The Reporter (Lansdale, PA)

Edu likely headed back to midfield

- By Matthew DeGeorge mdegeorge @21st-centurymed­ia.com @sportsdoct­ormd on Twitter

The question pertained to such a thinly-veiled secret that the ever-confident Maurice Edu at first wasn’t sure how to proceed.

Minutes earlier Thursday at Philadelph­ia Union media day, manager Jim Curtin had disclosed what most watchers of the team had long suspected, from reading between the lines on offseason transactio­n reports to subtle yet barely-masked hints: Edu, at least to start the season, will play in midfield.

So when Edu was confronted with a query he’s tried to diplomatic­ally handle for most of his two seasons in Philadelph­ia, he paused before offering a novel approach

“To be honest, I think that the year before last, if you would’ve asked me that question, I would’ve said, ‘yeah,’” to preferring midfield, Edu said at Talen Energy Stadium. “I think over the last season, I played a lot in the back and I got a lot more comfortabl­e in that role and it’s something that I started to grow in.

“At the end of last season, I had a talk with Jim about it, and he and I talked about positions and I told him that I’m open to playing either. I just want to win games. Wherever I can be a bigger asset on the pitch, I want to play.”

The coda to that answer is substantia­lly the same as Edu’s usual response. (For that matter, it’s essentiall­y the same reply produced by midfielder/defender Amobi Okugo as the positional conundrum haunted his five seasons with the Union.) But the nuance reflects the altered realities of this year’s squad.

Edu in the midfield is contingent on certain conditions. It presuppose­s that some combinatio­n of Josh Yaro, Richie Marquez and Anderson Conceicao prove capable of holding down central defense. It reflects a renewed commitment to possession and passing out of the back that seems beyond the skillsets of other holdingmid­field candidates, Brian Carroll or the loaned-out Michael Lahoud.

The past has conclusive­ly proved that Edu is willing to occupy whatever role Curtin requires. For evidence, look no further than Edu’s dedication to grit his way through the U.S. Open Cup final at less than 100 percent. Assessing Edu at either position must consider the players around him, and the hope is that a rising tide of quality and cohesion this season will lift all ships.

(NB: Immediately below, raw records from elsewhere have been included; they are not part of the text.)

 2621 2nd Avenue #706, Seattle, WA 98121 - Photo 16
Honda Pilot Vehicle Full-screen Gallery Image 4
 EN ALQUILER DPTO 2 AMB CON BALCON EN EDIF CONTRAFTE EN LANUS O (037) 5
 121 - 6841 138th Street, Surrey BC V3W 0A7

“He’s been a soldier for the club in terms of doing whatever the team needs,” Curtin said. “When we were leaking goals, we thought maybe against certain teams we’d put him in the back. There were injuries that led to him going to the back. And he’s done whatever we’ve asked.”

Also noteworthy from the Union captain is an update on his status with the U.S. National Team. The 28-year-old said he’d had contact with coach Jurgen Klinsmann, starting after last summer’s CONCACAF Gold Cup. Per Edu, that has included interest in joining several national team camps, including the January get together, but Edu’s injury status — after sports hernia surgery in mid-October and a leg injury dogging him in the weeks preceding that — have precluded his participat­ion.

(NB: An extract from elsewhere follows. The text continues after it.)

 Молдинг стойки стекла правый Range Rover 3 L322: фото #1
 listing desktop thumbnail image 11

••• On paper, the Union’s roster sits at 20 players, well short of the maximum 28. But there’s two caveats to that math that Earnie Stewart wished to share Thursday.

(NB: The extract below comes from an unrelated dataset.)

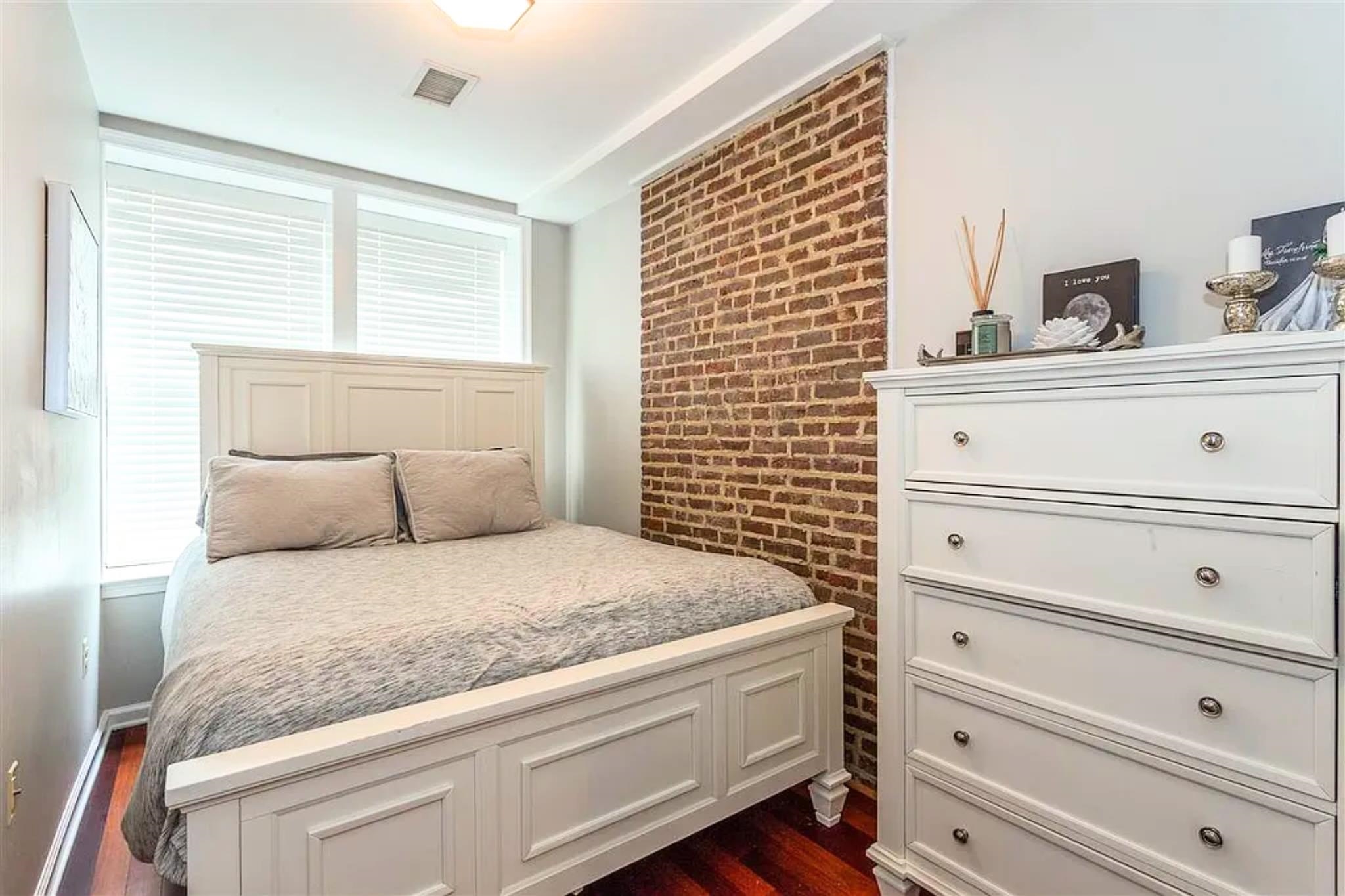 508 GRAND ST Unit: 1L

The first is that 28 is not a hard and fast number, and the Union’s sporting director doesn’t subscribe to the idea that more is necessaril­y better. The second qualifier is that while other teams are busy importing players, his club will wait for the right, rather than the most expedient, transactio­ns.

“It’s not to fill every spot,” Stewart said on the former point. “We have to make sure that we have a competitiv­e group together. Our goal is to have good players at every position. Having said that, that means that you’re not going to fill every roster spot that there is. It’s not so much the numbers game when it comes to, you have to fill those. As long as there’s quality and they make sure they raise the level of all the other players, that’s the choice you make.”

One mitigating aspect of the offseason agenda is Bethlehem Steel. Flexibilit­y is preferable for the Union to be able to promote high achievers or based on need from Steel. You can expect one or two roster spots left vacant specifical­ly for that considerat­ion.

Then there’s timing. Stewart entered his position in December with a long-term mandate, so it behooves him to build thoughtful­ly and on the order of years, not months. Leaping for impulse buys like Scottish forward James McFadden — whose arrival looks unlikely despite various proclamati­ons from the player’s camp on the other side of the pond — isn’t his style. Constructi­ng a foundation via promising young defenders through the SuperDraft as he did two weeks ago is.

So it stands to reason that Stewart is willing to wait to get the right guy rather than the Union’s previous mindsets, which was to assemble a hodgepodge of acquisitio­ns to give the illusion of busyness rather than progress.

“The ideal thing is before the first practice that Jim has all of his players in and we’re fixed and we’re set for the season, except it never works out that way,” Stewart said. “You can’t let time rush you, because you’ll overpay here and there, and that’s not the intention. So you want to make sure you’re cautious in the process and you bring in the right players for the right prices. You have to be smart, and rushing is never the right way to go.”